Chi l’aveva detto, che Bossi riesce solo a sparare cazzate, o al massimo furbate? Prendiamo la storia delle megaregioni: cos’altro manifesta, in nuce, l’idea dei sindaci di fermare il traffico in tutta l’area padana, se non una specie di movimento federalista dal basso, in grado di costruire unità e identità ben oltre l’ingegneria istituzionale? Ha perfettamente ragione Paolo Hutter (“Liberi dalle marmitte”, Terra, 25 febbraio 2010) a ribadire e ancora ribadire come si nota qualcosa di davvero nuovo nell’approccio bi-partisan alla tutela della salute e dell’ambiente, indipendentemente dal successo - reale e/o di immagine - di cui discuteremo dal lunedì successivo in poi. Ed è appunto perché c’è qualcosa di nuovo, che sarebbe il caso di non buttare il bambino giù per lo sciacquone, insieme alle odiate marmitte e ai nemici più o meno inventati per l’occasione.

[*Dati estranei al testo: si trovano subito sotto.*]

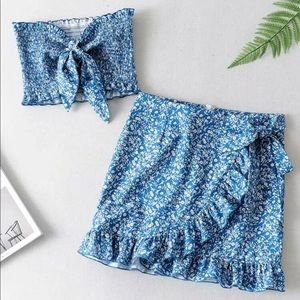 Tube Top and Wrap Skirt Set Size Small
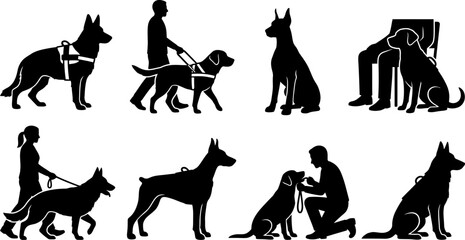 Fototapeta premium Service Dogs Vector Silhouette Set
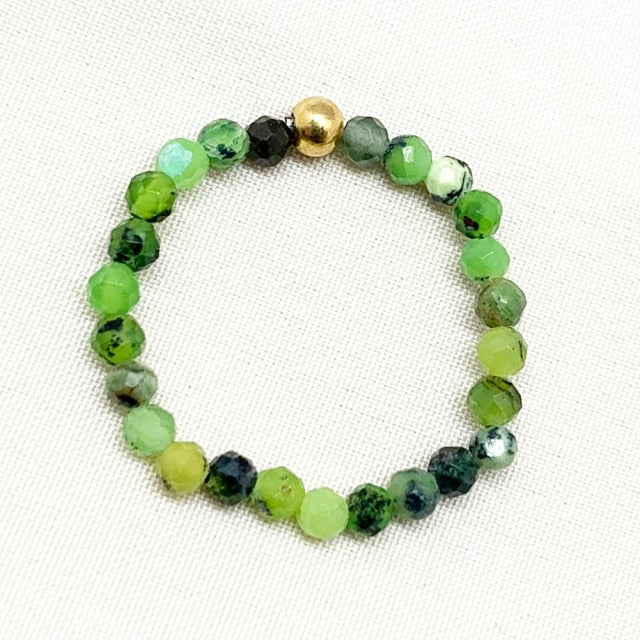 Bohemian Handmade Natural Stone Rings Women with Stainless Steel Bead Multi Color Stretch Rope Wedding Promise Ring Adjustable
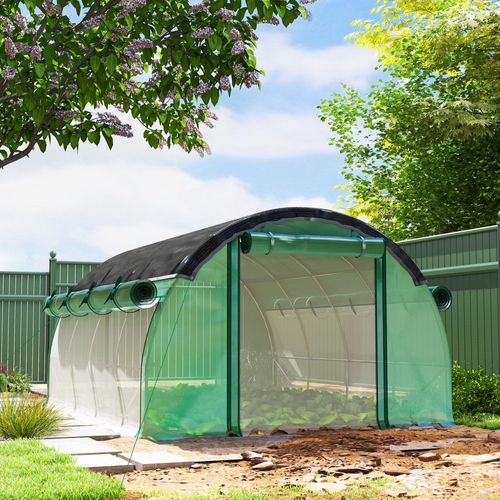 Polytunnel-Gewächshaus mit Sonnenschutznetz, Tunnelgewächshaus Folie, Tomatenhaus, Grün | 400 x 300 x 198 cm | 140 g/m² UV-Folie | Stahl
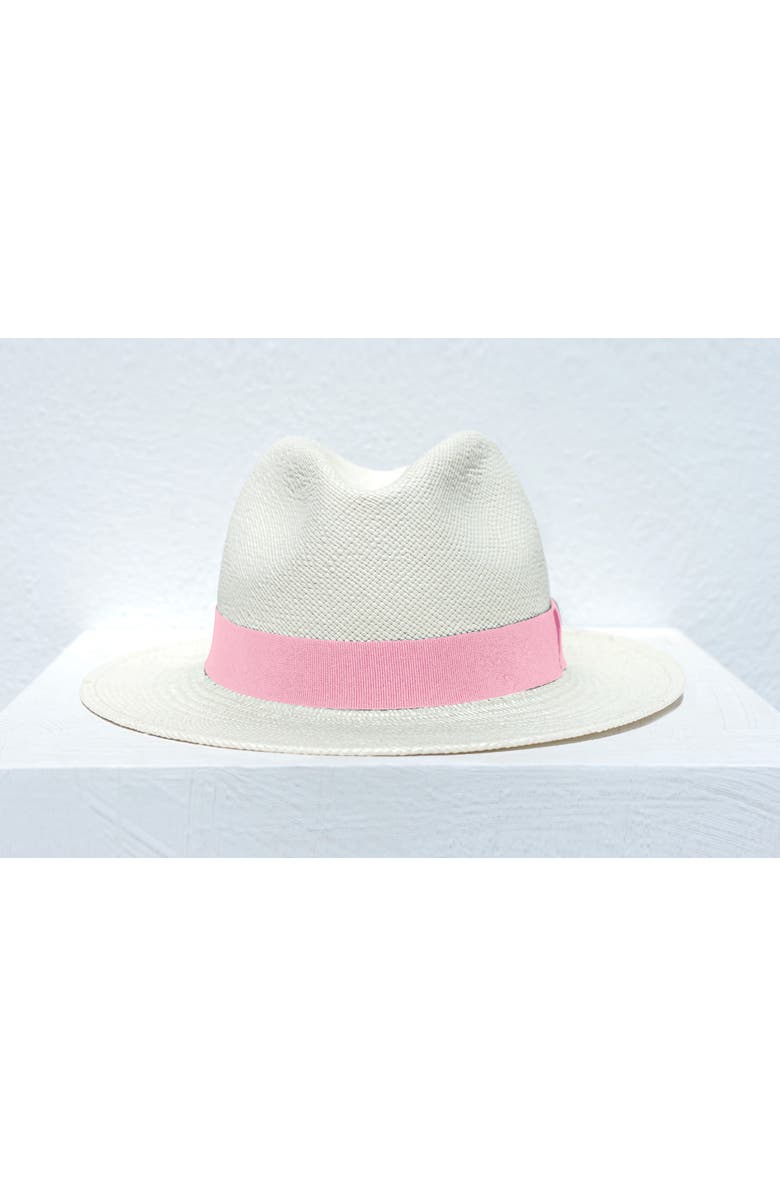 Lastelier Panama pink straw hat, Alternate, color,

Verissimo che quelle marmitte sputafuoco ci avvelenano la vita, ma come ogni tanto spiega (molto interessatamente, si scopre sempre poi) qualche tecnico o scienziato, con l’odio si combina poco, perché in fondo servono anche a qualcosa di buono. Ed esattamente a quello che prometteva Henry Ford circa un secolo fa: a portare la gente dove le pare anche su distanze considerevoli. L’ho detta grossa? Ebbene si, l’ho sparata proprio malamente e un po’ da pirla, ma non del tutto. Vero che le promesse di Henry Ford si sono trasformate nell’incubo degli ingorghi, delle schifezze che respiriamo, delle guerre per il petrolio eccetera eccetera, ma senza macchine cosa succede? Succede, nel migliore dei casi (ma proprio nel migliore), la fotocopia dei primi anni ’70: ci si ferma a contemplare cosa potrebbe essere un mondo diverso, si riscoprono spazi, priorità, occasioni … Ma poi?
foto f. bottini |
Poi scopriamo, non tutti ma la gran maggioranza di tutti, che in qualche modo le marmitte delle macchine sono solo l’estremità sporca di un metabolismo lungo e complesso, e che non ci si può smarmittare così tanto alla leggera. C’è un grande sistema che mangia, digerisce, usa la sua energia, e poi naturalmente deve scaricare. Il tappo nel sedere per non scaricare, o il digiuno per non produrre quegli scarichi, ce li possiamo imporre per un po’, ma poi se le cose restano come stanno dobbiamo per forza riattaccare come prima. E la questione si ripropone: è possibile cambiare le cose, scaricare meglio scaricare tutti, o non scaricare affatto?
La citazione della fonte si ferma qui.